Khamenei, in other words, means to be heard, and doesn't implicitly thinks everyone speaks his language. The mere inclusion of Great Satan languages like English or Brie Satan languages like French suggests that the man is at least willing to acknowledge the existence of other tongues, not assume that everyone should wrap theirs around his.

Two Portals, Two Interpretations, One Ayatollah

Oddly though, the two portals lead to different versions of the World According to Khamenei. Going in by way of the "leader" page, the top story for English readers is a Nowruz message about the trouble with consumption, conspicuous or otherwise. ("In light of the vitality of rationality in consuming the country's resources, he considers the new Iranian year as the year of revision to pattern of consumption nationwide.") Nothing about foreign affairs, nothing about Barack Obama's Nowruz messsage to Iran.

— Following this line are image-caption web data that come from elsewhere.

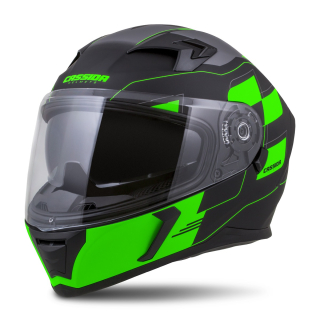 CASSIDA Integrální moto přilba 3.0 ROXOR zelená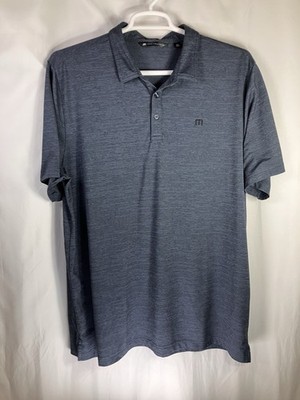 Travis Matthew 2XL Subtle Blue Stripe Men s Polo Shirt Short Sleeve Golf
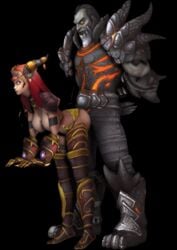 1boy 3d alexstrasza animated bend_over blizzard_entertainment bouncing_breasts deathwing deathwing_(world_of_warcraft) doggystyle female leman male void_corruption_(warcraft) world_of_warcraft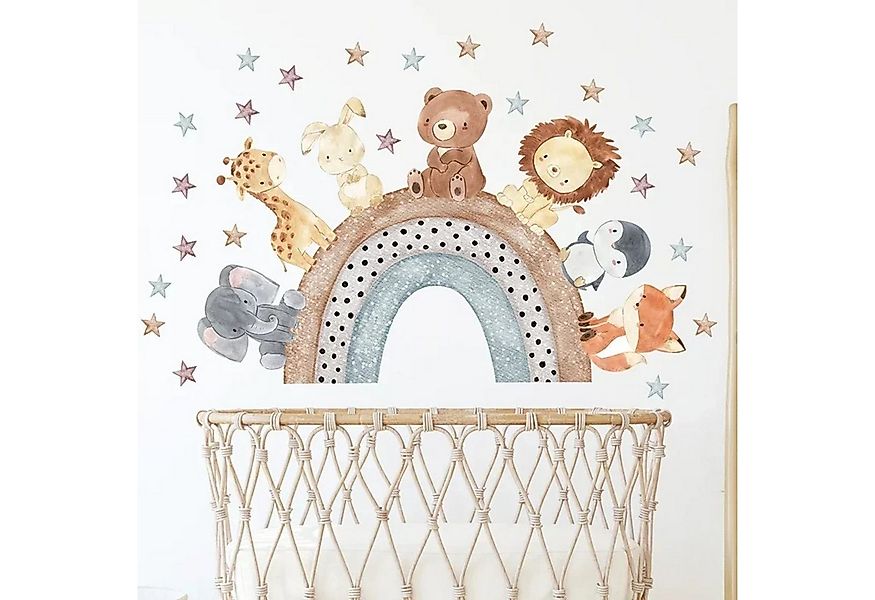 Montegoni Wandsticker Tiere Wandsticker für Kinderzimmer Dekoration, Wandau günstig online kaufen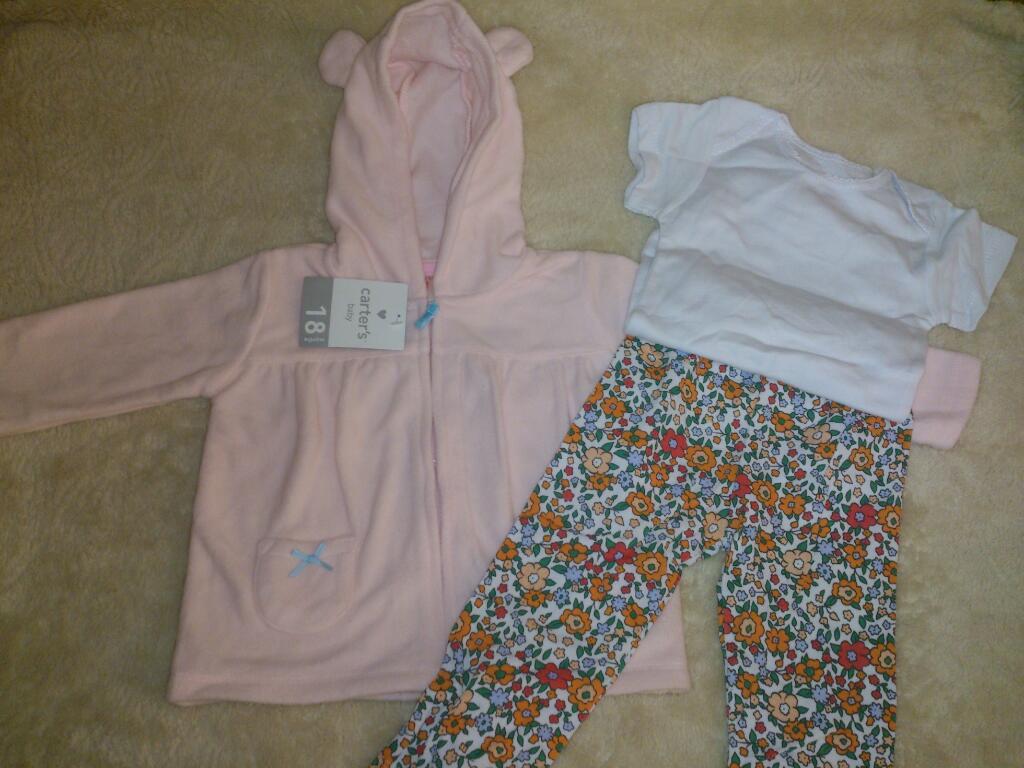 Conjunto Bebé Carters Niña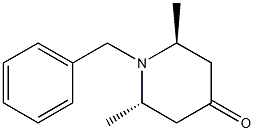 REL-(2R,6R)-1-苄基-2,6-二甲基哌啶-4-酮, 198211-14-2, 结构式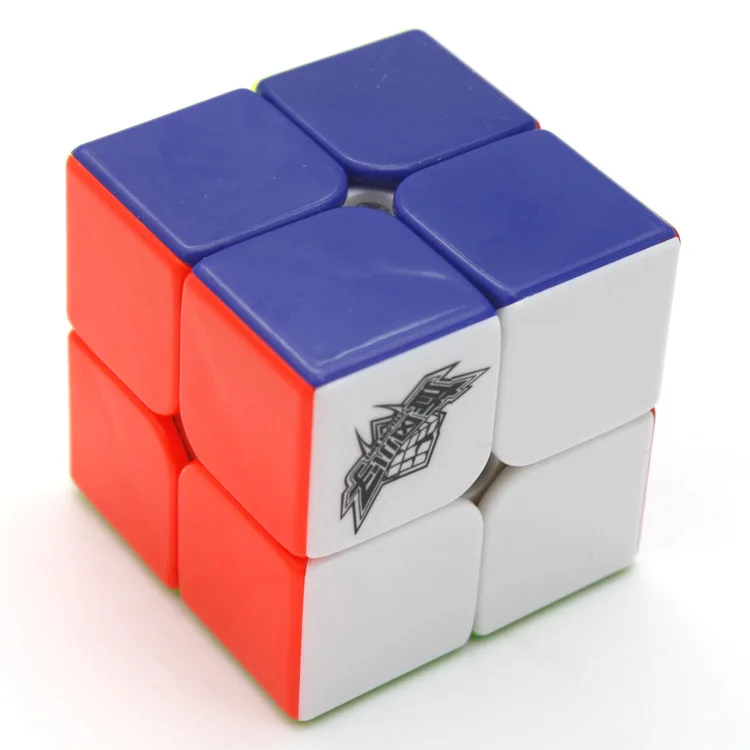 Cyclone Boys магический куб 2x2x2 Stickerless Cubo speed Cube 2x2 Пазлы игрушечные кубики для детей 50 мм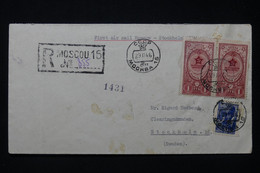 U.R.S.S. - Enveloppe En Recommandé De Moscou Pour La Suède En 1946 Par 1er Vol Moscou / Stockholm - L 91789 - Cartas & Documentos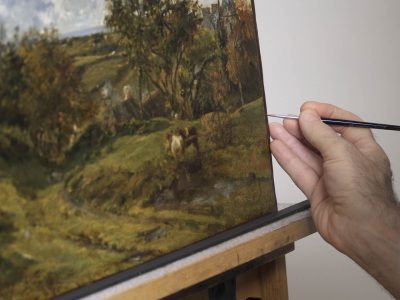 密尔沃基艺术博物馆通过保护和研究解决了约翰·康斯特布尔的绘画之谜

Go in by way of khamenei.ir, however, and the top story looks tailor-made for the American chat-show circuit: "Supreme Leader Demands Genuine Change in US policies." There's even a special message for Obama:

Ayatollah Khamenei referred to Obama's attempts at negotiation and his slogans of change, further adding: "If there is really any change, apart from a change in a small portion of your rhetoric, show it. Did you end your animosity against the Iranian nation? Did you release Iran's frozen assets? Did you lift the sanctions against us? Did you give up slandering and broadcasting negative propaganda against our nation? Did you give up your unconditional support for the Zionist regime?" The Supreme Leader of the Islamic Revolution also stressed: "Change must not be accompanied by ulterior motives and verbiage. If you try to pursue the same goals and only change the policies, that constitutes a machination not a change. If you intend to bring about genuine change, you must show something in action. In any case, all the American officials as well as other people must know that the Iranian nation will not be deceived or intimidated."

Who Controls Khamenei?

So why the difference between the two sites? Look closer: that khamenei.ir site has a red stamp at the top that reads: "Trial Version" (even Iran has its betas). Also, it looks like the two sites are the work of two different entities, and may well represent competing interest groups in Iran. Khamenei.ir is produced by "The Center for Preserving and Publishing the Works of Grand Ayatollay Sayyid Ali Khamenei." The other one, leader.ir, is produced by "The Office of the Supreme Leader" himself. Is one to be considered official and the other not? Is one the real Khamenei, and the other the wishful version? The Glasnost version?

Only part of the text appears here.